Short text fragments from websites:
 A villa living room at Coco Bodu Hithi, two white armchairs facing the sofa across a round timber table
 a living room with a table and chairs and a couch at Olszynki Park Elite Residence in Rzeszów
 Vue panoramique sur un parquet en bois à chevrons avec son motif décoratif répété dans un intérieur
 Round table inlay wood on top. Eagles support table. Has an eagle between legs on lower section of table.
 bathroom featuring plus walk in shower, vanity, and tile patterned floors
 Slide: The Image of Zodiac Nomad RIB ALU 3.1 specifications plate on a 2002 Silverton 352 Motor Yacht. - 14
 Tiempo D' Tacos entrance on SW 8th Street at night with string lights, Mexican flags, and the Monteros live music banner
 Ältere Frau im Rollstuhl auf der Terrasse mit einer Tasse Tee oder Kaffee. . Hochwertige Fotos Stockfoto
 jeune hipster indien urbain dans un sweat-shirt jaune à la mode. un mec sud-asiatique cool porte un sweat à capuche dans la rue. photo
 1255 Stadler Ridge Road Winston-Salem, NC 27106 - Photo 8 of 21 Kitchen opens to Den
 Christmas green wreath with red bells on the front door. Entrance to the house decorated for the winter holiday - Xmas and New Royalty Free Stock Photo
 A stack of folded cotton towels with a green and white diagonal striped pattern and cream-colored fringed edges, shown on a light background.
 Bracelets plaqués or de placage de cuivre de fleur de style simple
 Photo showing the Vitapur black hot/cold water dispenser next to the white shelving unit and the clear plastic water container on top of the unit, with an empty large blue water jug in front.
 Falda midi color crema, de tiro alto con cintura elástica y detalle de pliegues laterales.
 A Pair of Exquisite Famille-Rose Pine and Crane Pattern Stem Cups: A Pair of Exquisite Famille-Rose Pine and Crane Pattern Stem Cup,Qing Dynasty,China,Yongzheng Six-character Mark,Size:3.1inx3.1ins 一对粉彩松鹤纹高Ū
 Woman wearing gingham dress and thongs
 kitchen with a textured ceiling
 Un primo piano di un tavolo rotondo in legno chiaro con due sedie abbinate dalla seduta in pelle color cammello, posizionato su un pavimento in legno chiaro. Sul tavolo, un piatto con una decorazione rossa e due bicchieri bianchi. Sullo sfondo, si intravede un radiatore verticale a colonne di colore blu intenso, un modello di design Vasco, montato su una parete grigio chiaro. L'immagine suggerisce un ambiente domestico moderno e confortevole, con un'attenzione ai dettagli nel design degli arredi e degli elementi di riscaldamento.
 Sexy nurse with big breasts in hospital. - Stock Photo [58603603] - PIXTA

=== WORK REQUIRED ===
All of the data above is to be transcribed without alteration.

=== ANSWER ===
 A villa living room at Coco Bodu Hithi, two white armchairs facing the sofa across a round timber table
 a living room with a table and chairs and a couch at Olszynki Park Elite Residence in Rzeszów
 Vue panoramique sur un parquet en bois à chevrons avec son motif décoratif répété dans un intérieur
 Round table inlay wood on top. Eagles support table. Has an eagle between legs on lower section of table.
 bathroom featuring plus walk in shower, vanity, and tile patterned floors
 Slide: The Image of Zodiac Nomad RIB ALU 3.1 specifications plate on a 2002 Silverton 352 Motor Yacht. - 14
 Tiempo D' Tacos entrance on SW 8th Street at night with string lights, Mexican flags, and the Monteros live music banner
 Ältere Frau im Rollstuhl auf der Terrasse mit einer Tasse Tee oder Kaffee. . Hochwertige Fotos Stockfoto
 jeune hipster indien urbain dans un sweat-shirt jaune à la mode. un mec sud-asiatique cool porte un sweat à capuche dans la rue. photo
 1255 Stadler Ridge Road Winston-Salem, NC 27106 - Photo 8 of 21 Kitchen opens to Den
 Christmas green wreath with red bells on the front door. Entrance to the house decorated for the winter holiday - Xmas and New Royalty Free Stock Photo
 A stack of folded cotton towels with a green and white diagonal striped pattern and cream-colored fringed edges, shown on a light background.
 Bracelets plaqués or de placage de cuivre de fleur de style simple
 Photo showing the Vitapur black hot/cold water dispenser next to the white shelving unit and the clear plastic water container on top of the unit, with an empty large blue water jug in front.
 Falda midi color crema, de tiro alto con cintura elástica y detalle de pliegues laterales.
 A Pair of Exquisite Famille-Rose Pine and Crane Pattern Stem Cups: A Pair of Exquisite Famille-Rose Pine and Crane Pattern Stem Cup,Qing Dynasty,China,Yongzheng Six-character Mark,Size:3.1inx3.1ins 一对粉彩松鹤纹高Ū
 Woman wearing gingham dress and thongs
 kitchen with a textured ceiling
 Un primo piano di un tavolo rotondo in legno chiaro con due sedie abbinate dalla seduta in pelle color cammello, posizionato su un pavimento in legno chiaro. Sul tavolo, un piatto con una decorazione rossa e due bicchieri bianchi. Sullo sfondo, si intravede un radiatore verticale a colonne di colore blu intenso, un modello di design Vasco, montato su una parete grigio chiaro. L'immagine suggerisce un ambiente domestico moderno e confortevole, con un'attenzione ai dettagli nel design degli arredi e degli elementi di riscaldamento.
 Sexy nurse with big breasts in hospital. - Stock Photo [58603603] - PIXTA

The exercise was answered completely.